My children are too young to sit still for long meals. How can I get them to stay put?

It’s important to keep your expectations realistic. Toddlers shouldn’t be expected to sit for more than 10 or 15 minutes, and some may be done in five minutes. Better to have a happy, short dinner that you can build on as your child matures, than to make dinner a time with a lot of rules and fights. Here are some strategies that have been helpful to families with young kids:

  • Make clear that “meal sitting” is different from “school sitting.” So, for example, everyone might wear PJs, or you might play music during the meal.
  • Give your kids ice pops made with fresh juice after they’ve eaten their meals: It will take young kids about five minutes to finish one pop.
  • Invite your child to stir a pot, crumble the cheese, set the timer or choose a menu from two choices offered. Having a hand in making the meal creates pride of ownership, and that may make them stay at the table longer.
  • Avoid having a revolving door at the dinner table. If your child wants to leave the table, allow this only once or twice. After two departures, the child should know that dinnertime is over. This is different from forcing a child to sit but takes away any positive reinforcement derived from leaving the table.
  • Present each part of the meal as a course, for example, peas as an appetizer, pasta with pesto sauce as the main course and orange slices for dessert. Maybe your child can help clear and bring on each course so that you are harnessing a child’s activity in the service of the meal. For example, “While you’re up, would you get the water pitcher?”

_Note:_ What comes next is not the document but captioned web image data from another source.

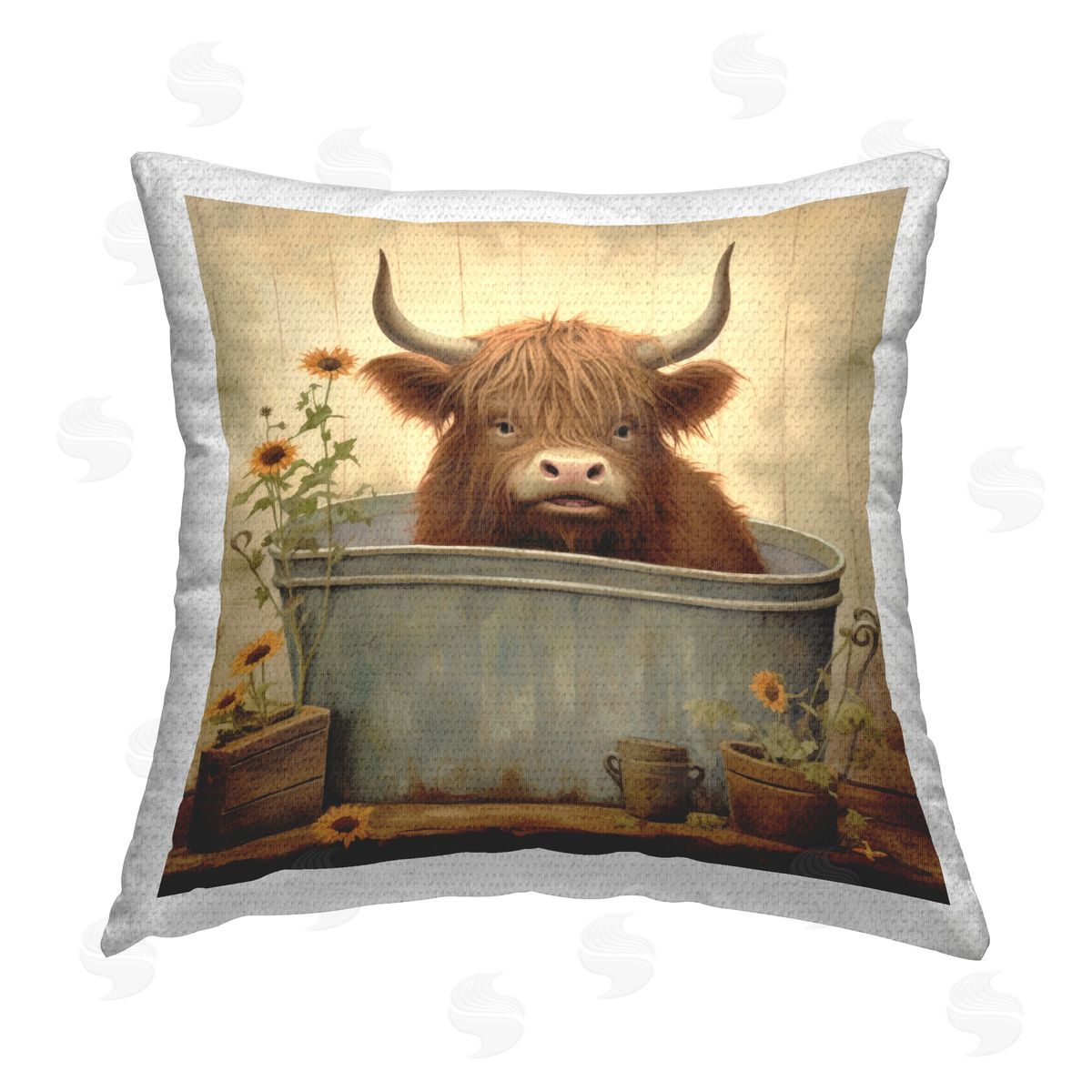 Lazar Studio Farmhouse Cow Bathing Outdoor Quick-Dry Polyester Printed Throw Pillow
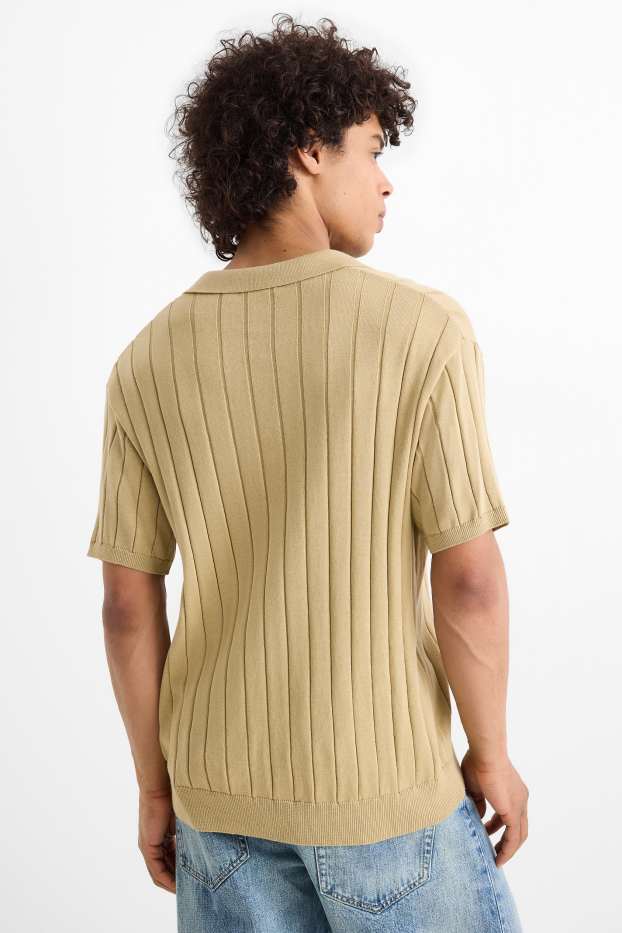 Bărbați - Tricou polo din tricot - regular fit - reiat - bej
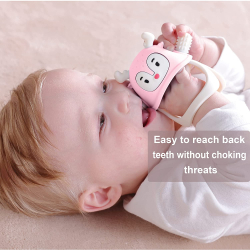 BITELEKE Reindeer PINK, Smily Mia Buddy Never Drop Silicone Baby Teething Toy 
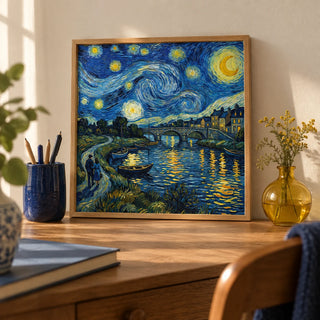 Vincent Van Gogh Poster, a small A4 framed print leaning on a small oak writing desk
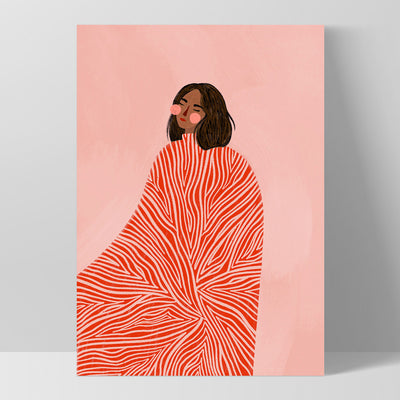 The Woman in the Red Swirls - Art Print by Bea Muller, Poster, Stretched Canvas, or Framed Wall Art Print, shown as a stretched canvas or poster without a frame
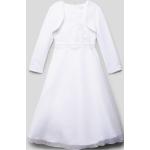 Weiße Happy Girls Midi Midikleider für Kinder & knielange Kinderkleider aus Polyester für Mädchen Größe 128 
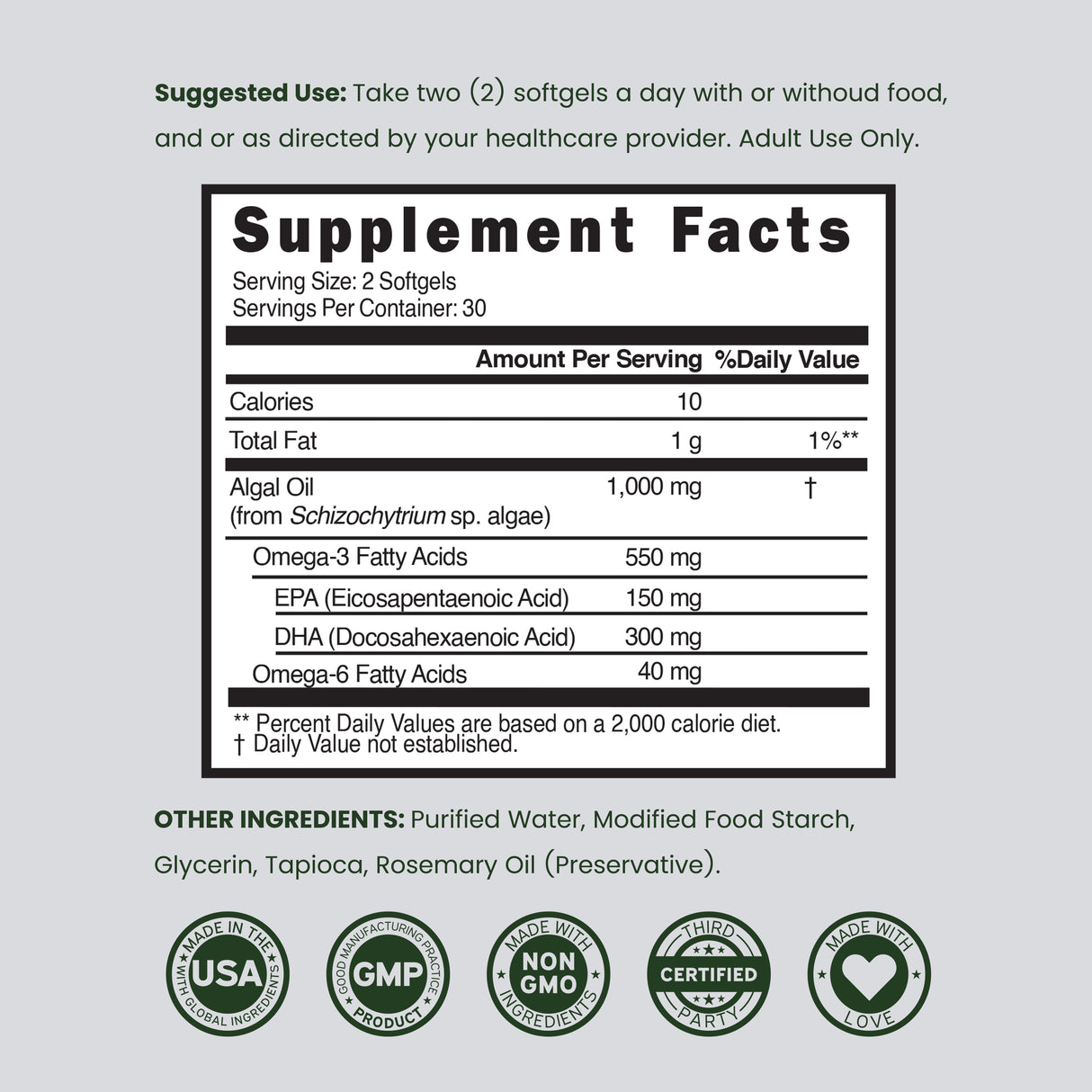 Vegan Omega 3 Algae Oil (60 Softgels)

How do I keep my teenagers interested in family dinners, when there are so many activities pulling them away?

You may be surprised to learn that when teenagers are asked about the importance of family dinners, they rate them very high on their list of priorities. So, you should assume that your kids want to have dinner with you. If they don’t, start by asking what would make dinnertime more pleasant for them. Here are some strategies that have been helpful to other parents with teenagers:

  • Agree that dinner will be off limits for discussing conflicts—no talk about homework, whose turn it is to take out the trash, a recent D on a math quiz or how late the curfew should be on Friday night.
  • Offer to make a new meal based on your teen’s interests—if he is studying South African history or Indian literature, check out epicurious.com and search for recipes by country.
  • Invite your kid to make a course or part of the meal, particularly something fairly quick (but special and dramatic) that will elicit oohs and ahs from the rest of the family. Popovers, banana flambé, and fruit smoothies all do the trick.
  • Create a weekly dinner ritual when your kids’ friends are invited to dinner or to dessert. For example, on a tired Sunday night, friends could be invited to come over and make sundaes.
  • You might also ask your teen to choose music for you to listen to during dinner. This will also give you something to talk about that is likely of great interest to your child.